Прогулка Льва Николаевича с Андреевым была не особенно удачна: их захватил в поле сильный дождь и даже град, хотя утро было прекрасное и перед этим все стояли теплые, солнечные дни. Я шутил, что Леонид Андреев, такой пессимист, теперь уверует в фатум: как он приехал, так и погода изменилась и его с Толстым вымочило до нитки. За обоими писателями хотели послать тележку с непромокаемыми плащами, но они вернулись раньше, чем успели запрячь лошадь.
Л. Андреев пошел переодеться, а Лев Николаевич — спать.
Я же отправился в Телятинки, на репетицию спектакля, и домой вернулся только вечером, уже после обеда.
Л. Андреев сидел с дамами в зале. На нем была вязаная фуфайка цвета «крем», очень шедшая к его смуглому лицу с черными как смоль кудрями и к его плотной фигуре, что он, видимо, великолепно сознавал.
— Это можно здесь? Я дома всегда так хожу, — еще давеча с невинным видом говорил он.
Заговорили о его произведениях. Ему самому из них нравятся больше «Елеазар», «Жизнь человека», начинает нравиться «Иуда Искариот». По поводу рассказов «Бездна», «В тумане» Леонид Николаевич заявил, что «таких» он больше и не пишет. Рассказывал, как в начале своей писательской деятельности он «изучал стили» разных писателей — Чехова, Гаршина, Толстого, разбирал их сочинения и старался подделываться «под Чехова», «под Гаршина», «под Толстого». Ему это удавалось со всеми, кроме Толстого.

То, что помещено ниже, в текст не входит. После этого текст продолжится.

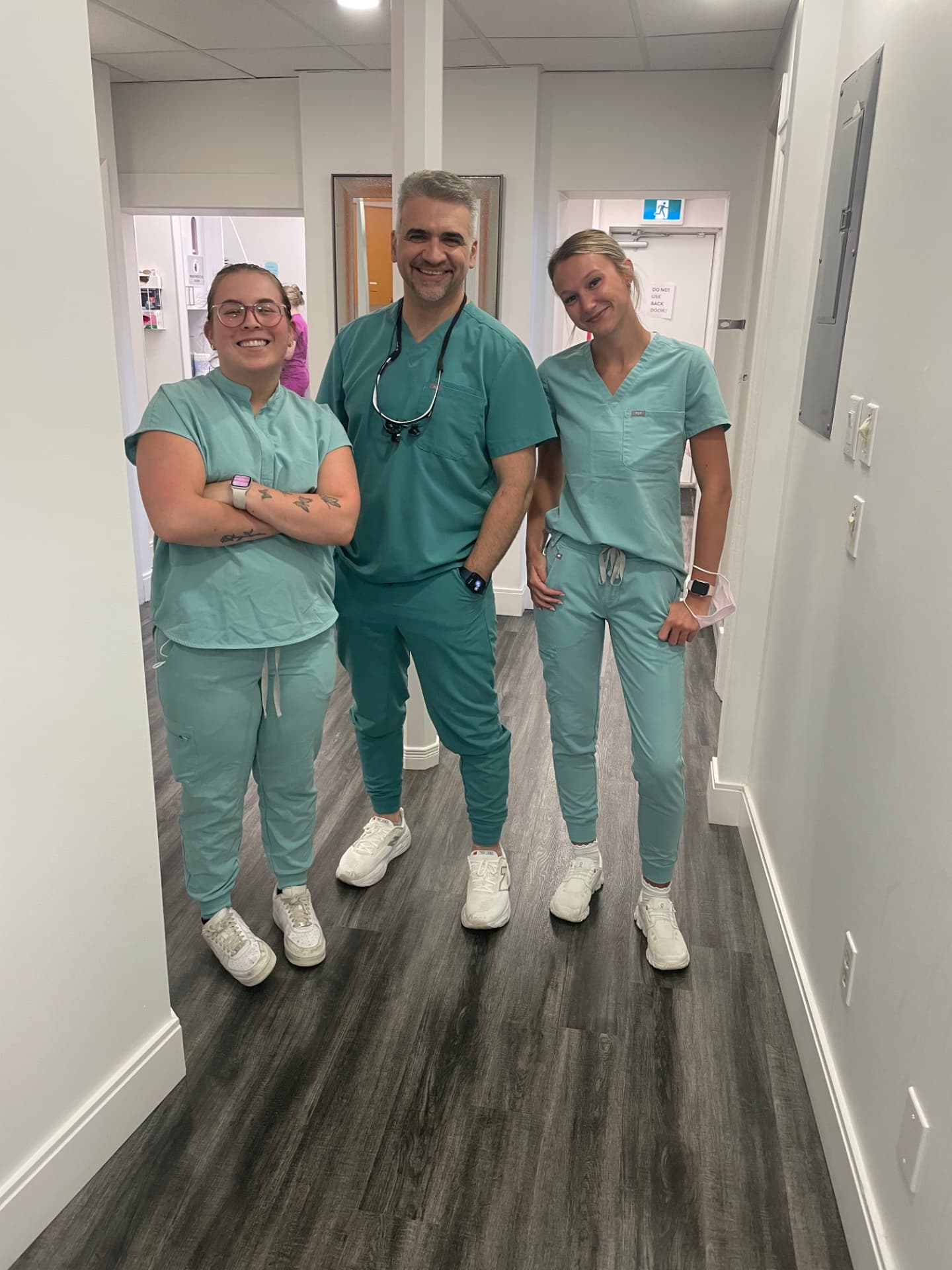 Three Welland Dental Centre clinicians in teal scrubs in the clinic hallway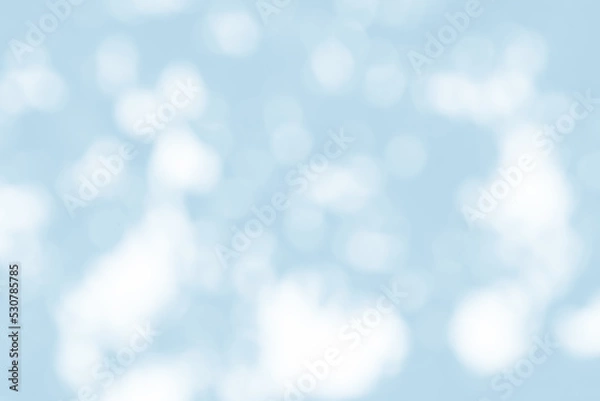 Fototapeta Abstract light blue blur bokeh for background, light blur on high light blue gradient abstract background in central design for presentation.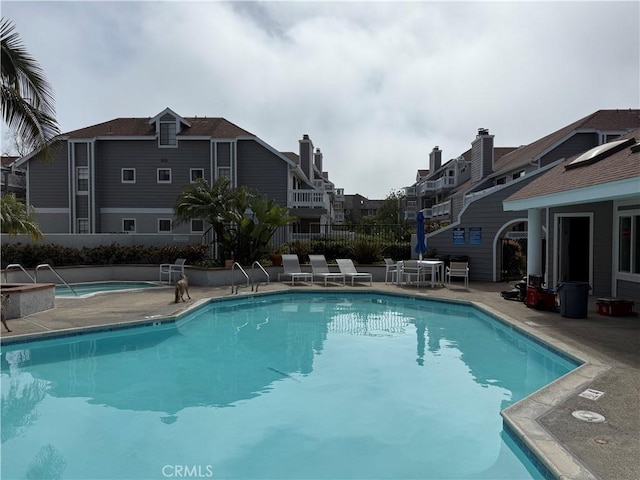 community pool featuring a residential view, a patio area, and fence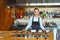 Smiling proud waitress woman standing behind counter looking at camera - Portrait of happy beautiful confident female with apron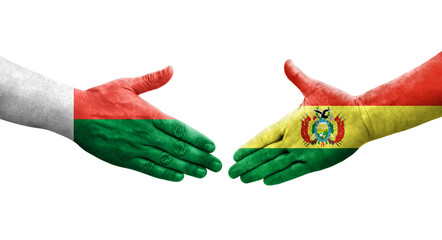 Handshake between Bolivia and Madagascar flags painted on hands, isolated transparent image.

— Сначала шло, — говорил он, — а потом вдруг что‑то такое случалось, захватывало, и нельзя было ничего понять отчего это.
Вошел Лев Николаевич.
Он предложил Андрееву писать для дешевых копеечных изданий «Посредника». Но Андреев заявил, что, к сожалению, не может этого, так как он «сделал, как Чехов»: запродал какой‑то фирме раз навсегда не только то, что написал, но и то, что он когда‑нибудь в будущем напишет.